§ **ACTIVITY**
What you produce should be an exact transcription of the data, minus any pictures.

§ **DATA SEGMENT**
▬▬▬
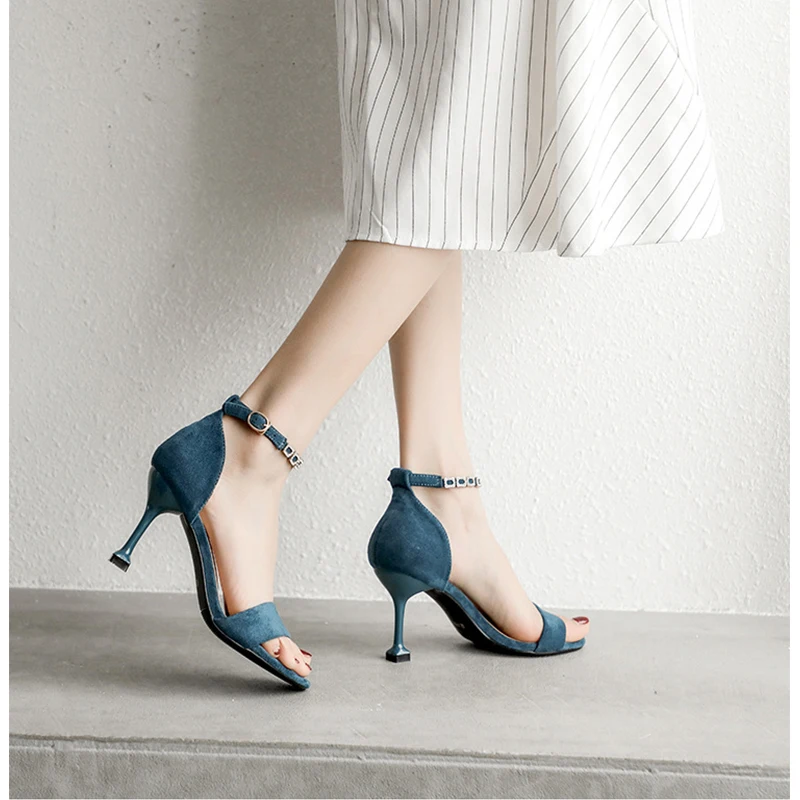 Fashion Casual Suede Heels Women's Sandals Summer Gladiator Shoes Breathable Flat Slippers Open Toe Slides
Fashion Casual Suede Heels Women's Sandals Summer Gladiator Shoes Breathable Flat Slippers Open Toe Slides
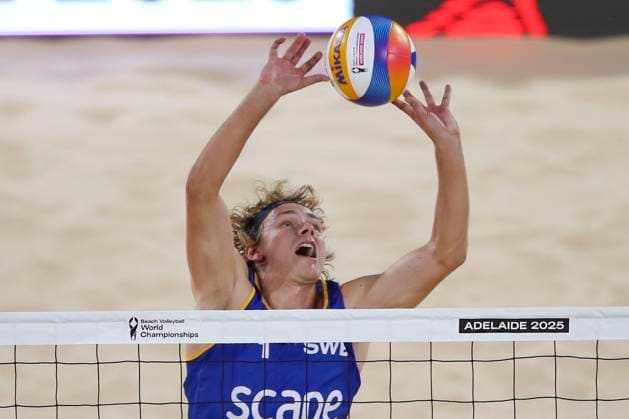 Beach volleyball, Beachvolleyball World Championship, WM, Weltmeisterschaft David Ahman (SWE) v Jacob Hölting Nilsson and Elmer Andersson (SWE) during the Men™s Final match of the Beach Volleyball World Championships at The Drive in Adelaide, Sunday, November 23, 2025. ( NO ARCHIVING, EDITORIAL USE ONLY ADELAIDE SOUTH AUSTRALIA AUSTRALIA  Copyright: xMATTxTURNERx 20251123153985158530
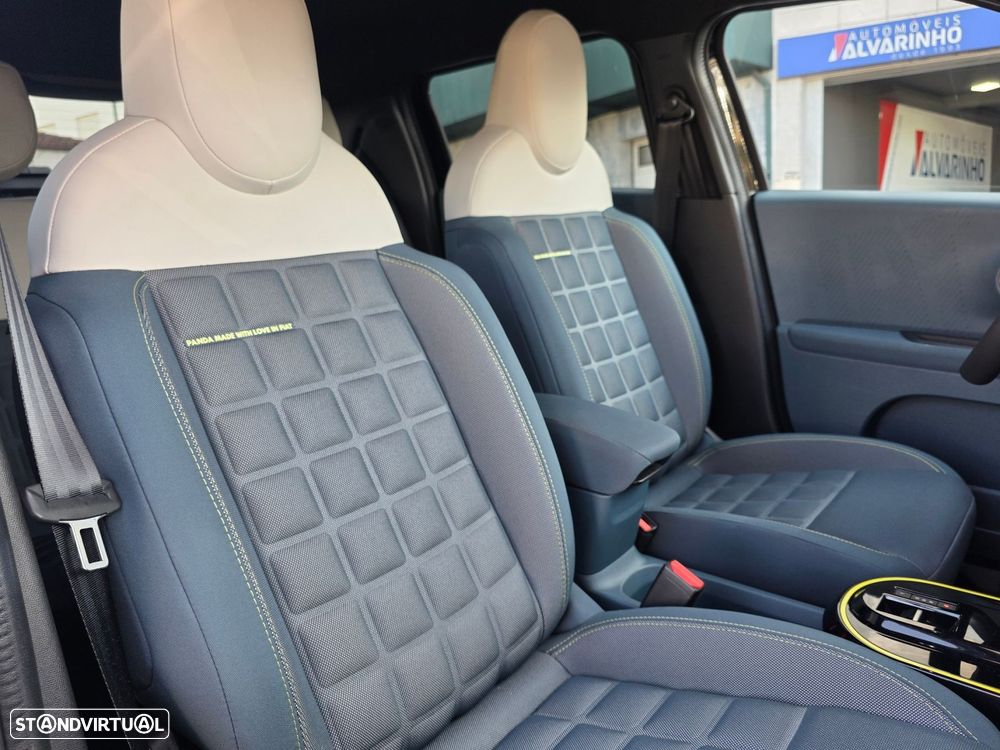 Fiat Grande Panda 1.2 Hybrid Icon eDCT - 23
▬▬▬
§ **OUTPUT BELOW**
 Fashion Casual Suede Heels Women's Sandals Summer Gladiator Shoes Breathable Flat Slippers Open Toe Slides
Fashion Casual Suede Heels Women's Sandals Summer Gladiator Shoes Breathable Flat Slippers Open Toe Slides
 Beach volleyball, Beachvolleyball World Championship, WM, Weltmeisterschaft David Ahman (SWE) v Jacob Hölting Nilsson and Elmer Andersson (SWE) during the Men™s Final match of the Beach Volleyball World Championships at The Drive in Adelaide, Sunday, November 23, 2025. ( NO ARCHIVING, EDITORIAL USE ONLY ADELAIDE SOUTH AUSTRALIA AUSTRALIA  Copyright: xMATTxTURNERx 20251123153985158530
 Fiat Grande Panda 1.2 Hybrid Icon eDCT - 23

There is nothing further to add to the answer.